Base of the matter: Facebook

The latest name on the terror list Abu Jundal, has allegedly confessed to having nine Facebook accounts to hunt new recruits for the Lashkar-e-Taiba. Jundal was one of the six handlers of the ten men who attacked Mumbai on November 26, 2008.
Facebook — the top social networking site in the online world — is the biggest cause for the increasing number of breakups in marriages, the reason for umpteen criminal deaths and the continuous cause for breakups in relationships of teenagers and adolescents. In UK, teenager Ashleigh Hall was murdered by serial rapist Peter Chapman after he groomed her on Facebook. According to Jack Doyle in the Mail Online, a crime linked to Facebook is reported to police once every 40 minutes.
A company with 901 million users, as on March 2012, is a growing hit with the youth in India too and alarmingly, like most new technology products here, being used indiscriminately. A new social phenomenon of letting the outer world know your minute-to-minute affairs of life is culling out strange patterns in the arena of mass communication. For example, college teachers are finding it easier to tune into their students who take leave on the pretext of an illness and post pictures with friends at a concert! Spouses are finding it emotionally expensive to track their mates even if they are able to do away with high charging detective agencies.

Syed Shoaib
The new read-by-all-book, authored by youngster Mark Elliot Zuckerberg, had its start-up phase caught in legal tangle with him allegedly having stolen the idea from his swimmer friend during a sleepover!
Wall Street analysts could have given Facebook a lukewarm reception, weeks after the flop of this IPO and many firms could have revealed a tepid assessment of the social-network giant’s share, but the truth is bold on the wall; Facebook is changing the ethical concept of today’s generation. For youngsters who have not gradually graduated from a landline to an SMS culture, the wave of technological changes like morphed pictures on Facebook could be hard to distinguish. Many lives are being marred in the simple name of online crimes and contingencies. The police, however, are finding it easier to crack crimes, thanks to Facebook again.
Caught in the rat race of time, what we consume in bulk on the Facebook, please note is only what the writer wants to profess. Facebook falsehood, like most information on the Internet, could be selective, incorrect, misleading and with a purported intent of creating malice. With children less than 10 years of age, signing in as 18-year-olds, the site has now opened its flood gates to 13-year-olds too. The more friends you have on Facebook, the faster you are perceived to have arrived in life. It’s making the voyeuristic interest of humans develop much earlier as a lot of personal muck plays out on the virtual space, much like our soap operas.

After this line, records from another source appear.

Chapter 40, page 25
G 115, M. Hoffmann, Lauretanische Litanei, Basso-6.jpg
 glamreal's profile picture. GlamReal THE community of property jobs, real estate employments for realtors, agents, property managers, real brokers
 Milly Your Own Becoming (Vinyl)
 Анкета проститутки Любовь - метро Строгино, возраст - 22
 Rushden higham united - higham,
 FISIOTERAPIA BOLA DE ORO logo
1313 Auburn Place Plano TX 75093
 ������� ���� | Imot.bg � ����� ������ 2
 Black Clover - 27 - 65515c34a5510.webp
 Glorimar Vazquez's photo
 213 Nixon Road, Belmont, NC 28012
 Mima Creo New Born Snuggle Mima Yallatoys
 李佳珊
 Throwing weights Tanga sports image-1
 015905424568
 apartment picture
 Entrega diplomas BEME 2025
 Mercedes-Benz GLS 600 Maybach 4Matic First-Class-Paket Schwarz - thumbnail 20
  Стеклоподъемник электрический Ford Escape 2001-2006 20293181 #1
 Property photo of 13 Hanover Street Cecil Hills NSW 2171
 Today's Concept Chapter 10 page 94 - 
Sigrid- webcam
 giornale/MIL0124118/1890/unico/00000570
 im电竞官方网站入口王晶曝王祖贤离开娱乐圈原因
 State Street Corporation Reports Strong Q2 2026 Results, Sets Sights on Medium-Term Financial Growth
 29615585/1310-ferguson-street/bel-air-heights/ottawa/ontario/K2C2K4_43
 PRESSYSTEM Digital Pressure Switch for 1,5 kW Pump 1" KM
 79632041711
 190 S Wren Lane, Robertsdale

According to CNet News, Facebook has let a plugin that would allow users on websites across the world to “want” specific items. Any new update in the social viral world needs to be used for the betterment of humanity. Critics will tell you that everything from advertisements to the BlackBerry has its own demerits. Like, let’s face it, indiscriminate doling out of personal information to a wide audience is neither going to help the intelligence levels of a generation with scattered interests nor focus their time on pressing issues of immediate need.
Even the cell phone is vulnerable to misuse. An SMS-oriented generation that probably knows the spelling of development only as dvpt is fighting for its rights to write answer scripts in SMS lingo. The latest defence being that even the Oxford dictionary has a new SMS counter like its just-introduced desi section.
Media observers and communication specialists in the United States predict that Facebook, though not a passing phenomenon, is definitely a wave that will ebb in the coming years. How much damage it could have printed on to its world pages alongside its popular personal communication agenda is to be seen.
The face, they say, is the index of the mind!